Nivolumab plus chemotherapy (NC) was recently approved as the first-line intervention for human epidermal growth factor receptor 2-negative advanced gastric/gastroesophageal junction cancer (GC/GEJC). Moreover, in the latest KEYNOTE-859 (NCT03675737), pembrolizumab plus chemotherapy (PC) was demonstrated to produce remarkable patient survival outcomes.
The clinicians and patients need to assess NC and PC preference for cancer drugs.

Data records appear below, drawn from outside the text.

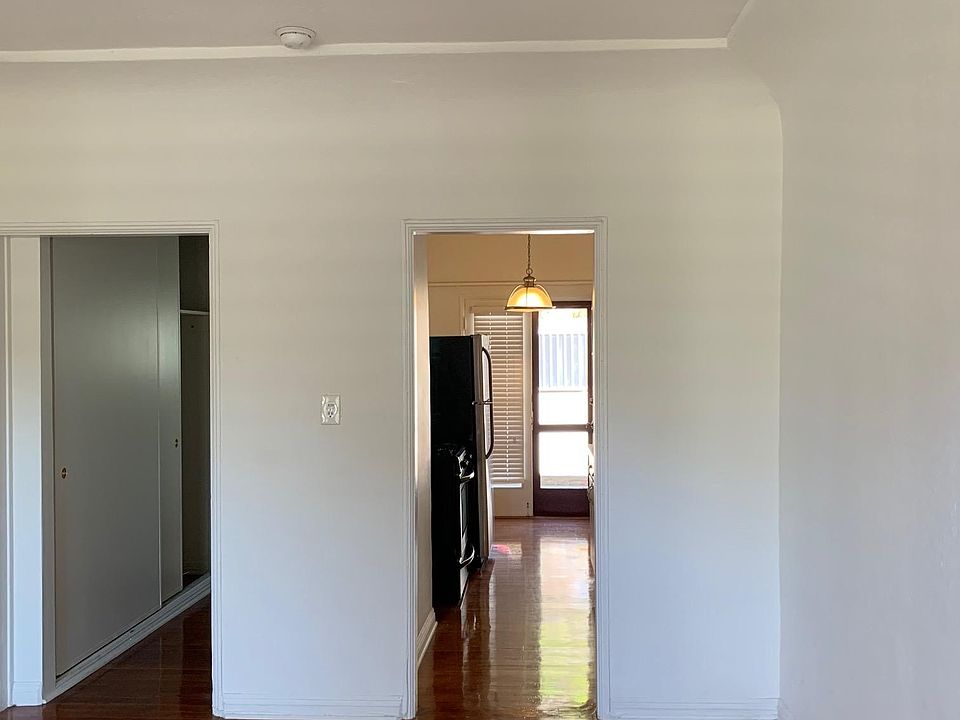 1st image of 2355 Cove Ave APT 201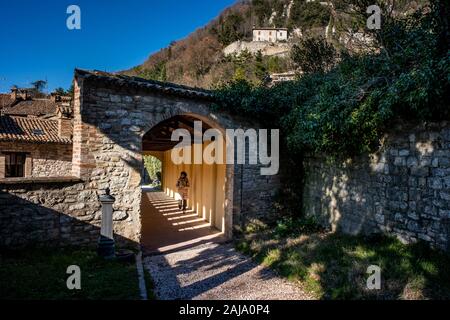 La porte d'entrée du parc Ranghiasci à Gubbio, ville médiévale en Ombrie dans la province de Pérouse, Italie centrale Banque D'Images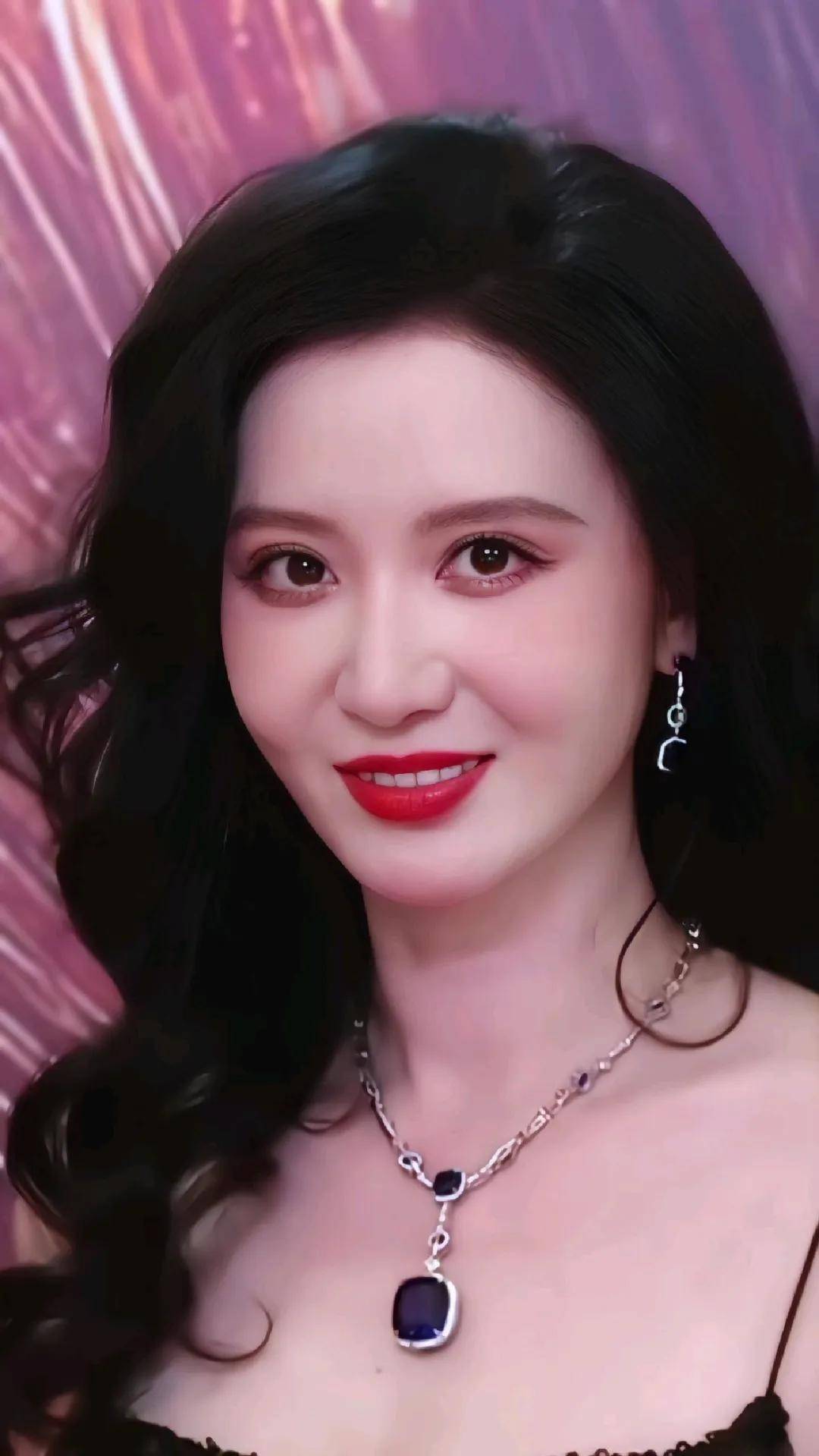 美女张萌魔鬼身材性感火辣！她写真真空上阵令人欲罢不能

The cost-effective analysis.
In an economic assessment of the United States, United Kingdom, and Chinese healthcare systems using a Markov model simulated patients with GC/GEJC, two treatment decision branches with three health states and a tracked time horizon of 15 years were developed. The overall cost and efficacy outcomes of first-line strategies PC and NC were evaluated at willingness-to-pay (WTP) thresholds of different national, including life-years (LYs), quality-adjusted life-years (QALYs), incremental cost-effectiveness ratios (ICERs), and incremental net-health benefit (INHB). Sensitivity and subgroup analyses were considered.

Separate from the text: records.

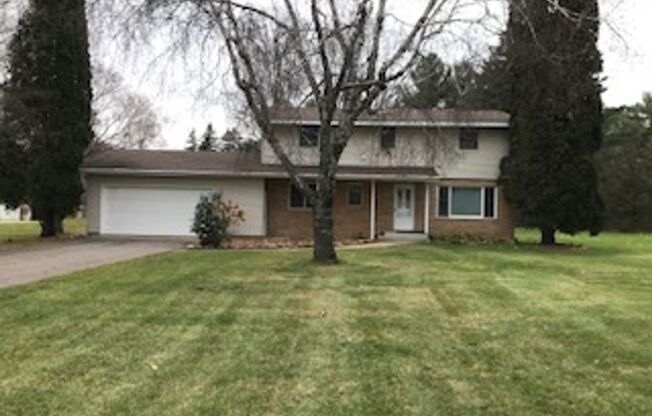 House for Rent in Maple Lake!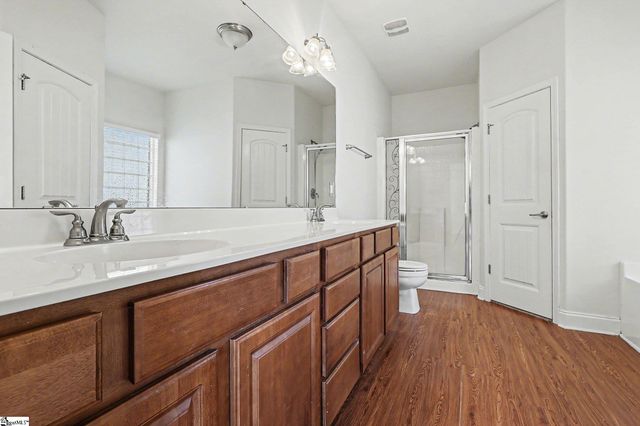 704 Misty Glen Lane, Roebuck, SC 29376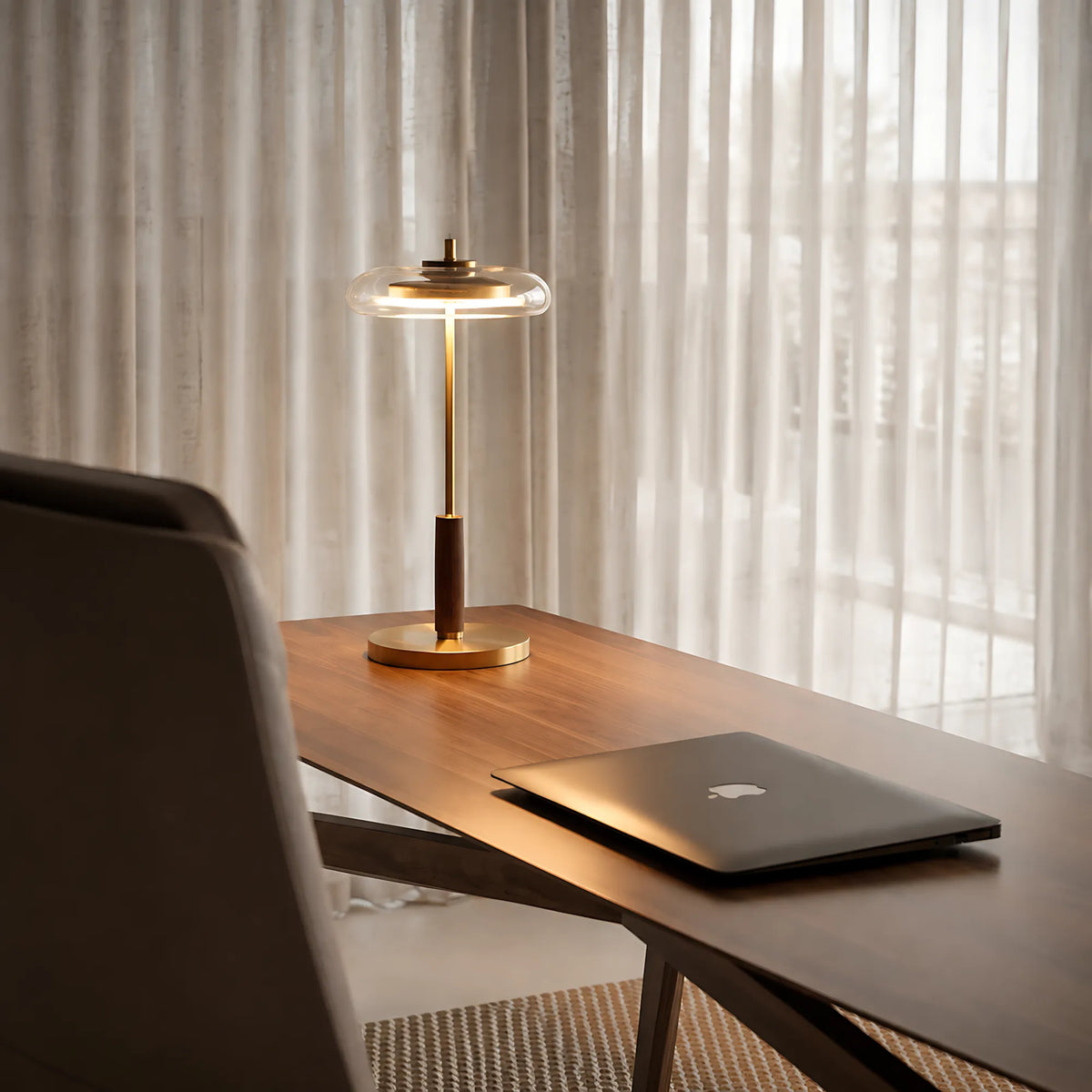 Solvane Minimalist Table Lamp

Given a WTP threshold of $150,000, $60,161, and $37,653 per QALY in the United States, United Kingdom, and China, respectively, both PC and NC achieved QALYs of 1.67 and 1.65 (2.51 and 2.48 LYs), 1.65 and 1.63 (2.48 and 2.45 LYs), and 1.60 and 1.58 (2.40 and 2.37 LYs), with total costs of $242,444 and $232,617, $148,367 and $127,737, and $16,693 and $24,016, respectively. Based on our sensitivity analysis, the programmed death-1 inhibitors cost produced the largest impact on the outcome. In addition, the cost-effectiveness probabilities of PC were 38.3%, 4.1%, and 100% in the three aforementioned countries, respectively.

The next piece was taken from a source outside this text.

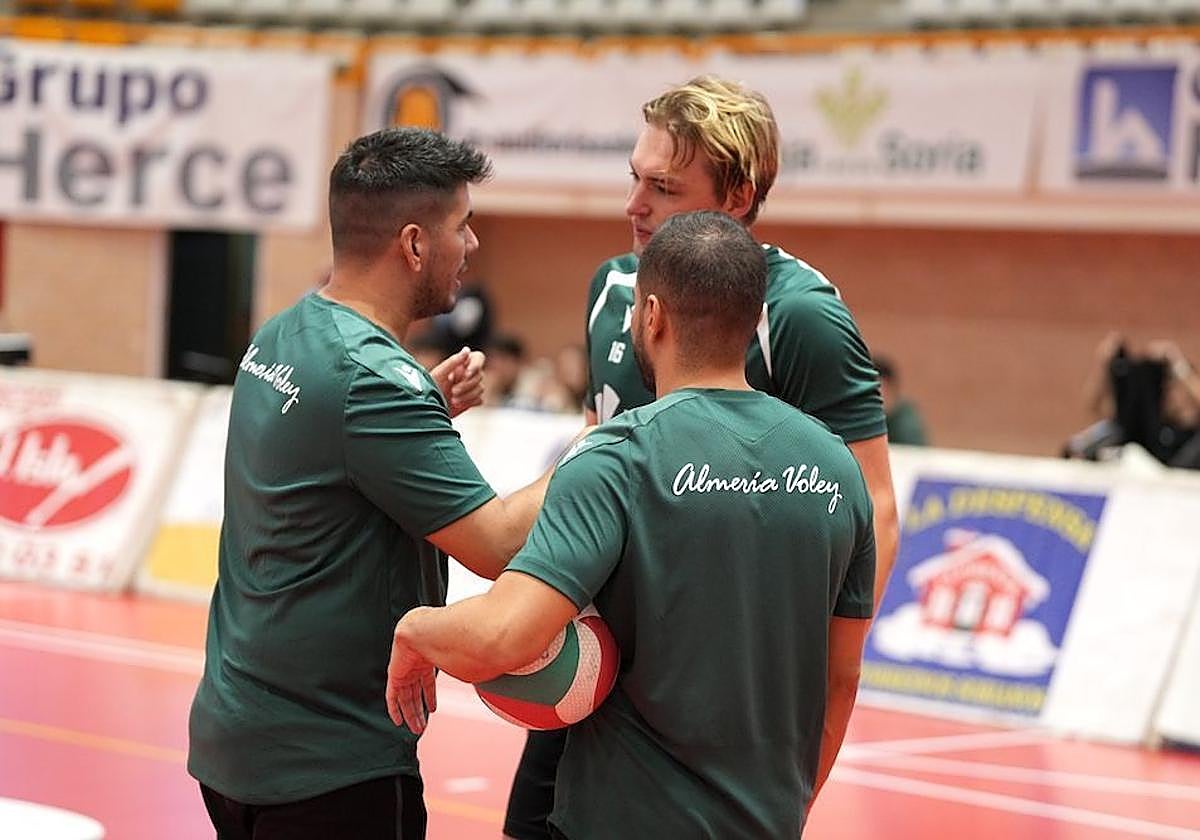 Anrés Portero habla con Räsänen, en presencia de Jorge Soriano.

In the case of the Chinese payers' perspective, PC appeared more dominant as first-line therapy for advanced GC/GEJC patients, whereas NC was preferred in the United States and United Kingdom.
纳武利尤单抗联合化疗(NC)最近被批准作为人表皮生长因子受体2阴性晚期胃癌/胃食管交界癌(GC/GEJC)的一线干预措施。此外,在最新的KEYNOTE-859(NCT03675737)研究中,帕博利珠单抗联合化疗(PC)被证明能产生显著的患者生存结果。
临床医生和患者需要评估癌症药物对NC和PC的偏好。
成本效益分析。
在美国、英国和中国医疗保健系统的经济评估中,使用马尔可夫模型模拟GC/GEJC患者,构建了两个具有三种健康状态的治疗决策分支,并设定了15年的跟踪时间范围。在不同国家的支付意愿(WTP)阈值下,评估一线策略PC和NC的总体成本和疗效结果,包括生命年(LYs)、质量调整生命年(QALYs)、增量成本效益比(ICERs)和增量净健康效益(INHB)。同时进行了敏感性分析和亚组分析。
在美国、英国和中国,每QALY的WTP阈值分别为150,000美元、60,161美元和37,653美元的情况下,PC和NC的QALY分别为1.67和1.65(2.51和2.48 LYs)、1.65和1.63(2.48和2.45 LYs)以及1.60和1.58(2.40和2.37 LYs),总成本分别为242,444美元和232,617美元、148,367美元和127,737美元以及16,693美元和24,016美元。基于我们的敏感性分析,程序性死亡-1抑制剂成本对结果的影响最大。此外,PC在上述三个国家的成本效益概率分别为38.3%、4.1%和100%。
从中国支付方的角度来看,PC作为晚期GC/GEJC患者的一线治疗似乎更具优势,而在美国和英国则更倾向于NC。